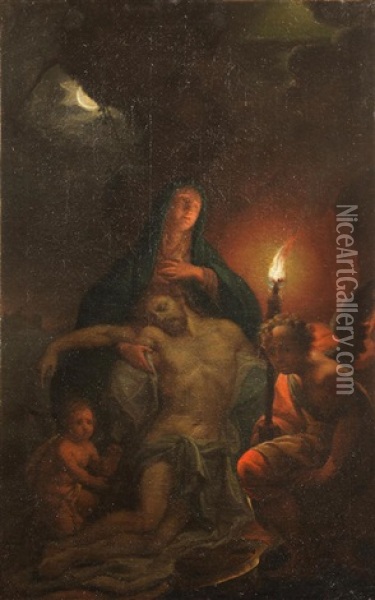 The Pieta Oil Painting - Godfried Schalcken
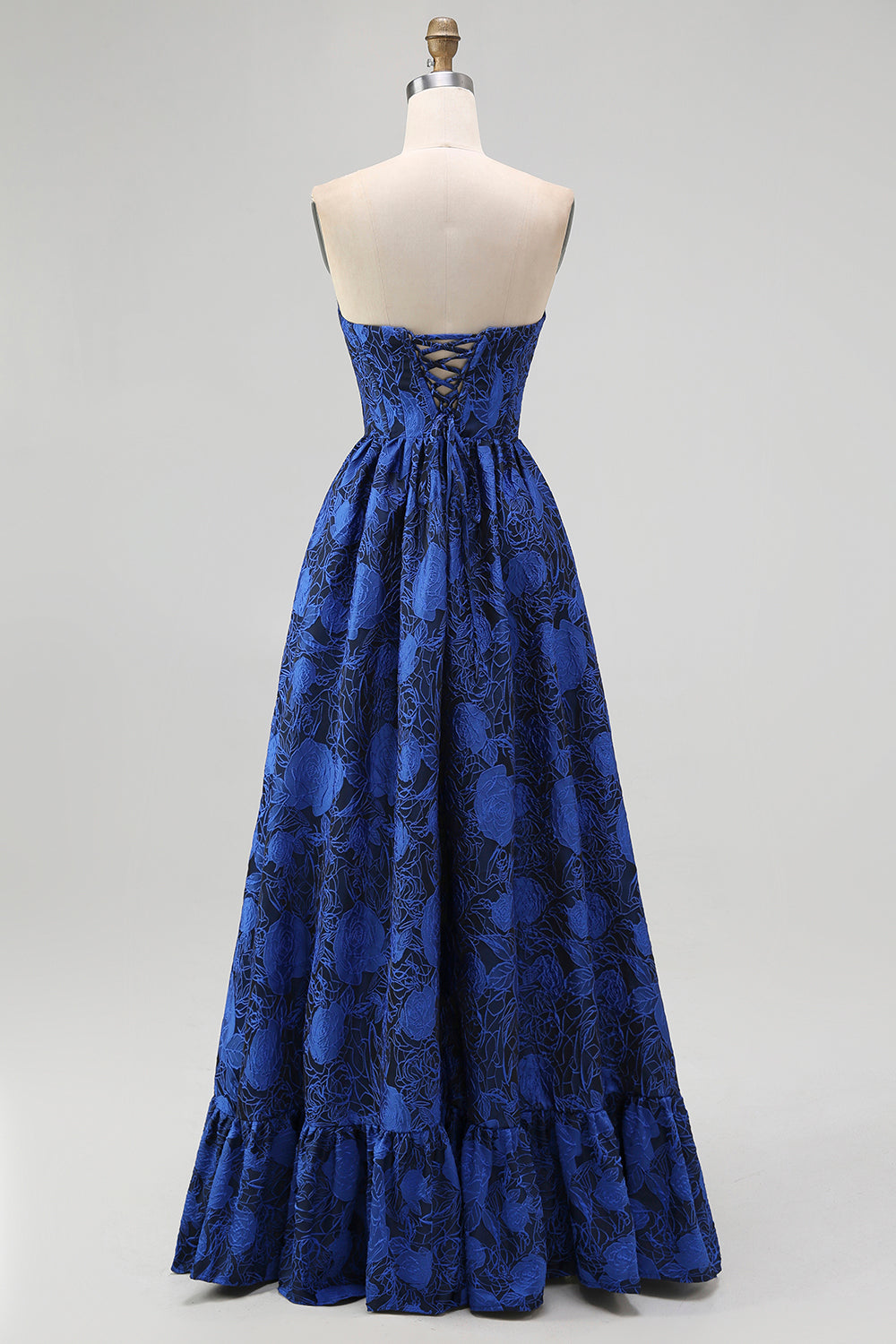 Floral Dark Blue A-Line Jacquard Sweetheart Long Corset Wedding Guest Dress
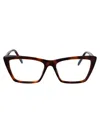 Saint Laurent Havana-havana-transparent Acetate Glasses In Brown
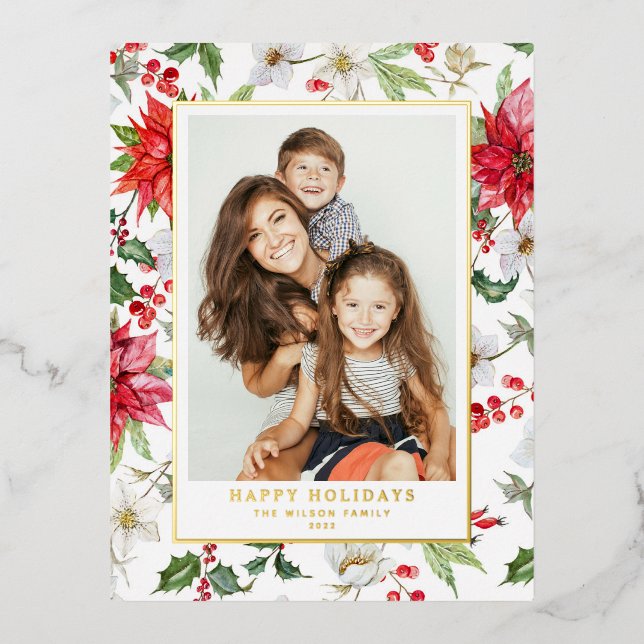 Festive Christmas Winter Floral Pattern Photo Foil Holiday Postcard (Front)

☆ ☆ ☆ ☆ ☆

Exercise - Every line in the data above needs to be given again exactly, pictures aside.

Solution -
 The Pieta Oil Painting - Godfried Schalcken
 Floral Dark Blue A-Line Jacquard Sweetheart Long Corset Wedding Guest Dress
 Saint Laurent Havana-havana-transparent Acetate Glasses In Brown
 Festive Christmas Winter Floral Pattern Photo Foil Holiday Postcard (Front)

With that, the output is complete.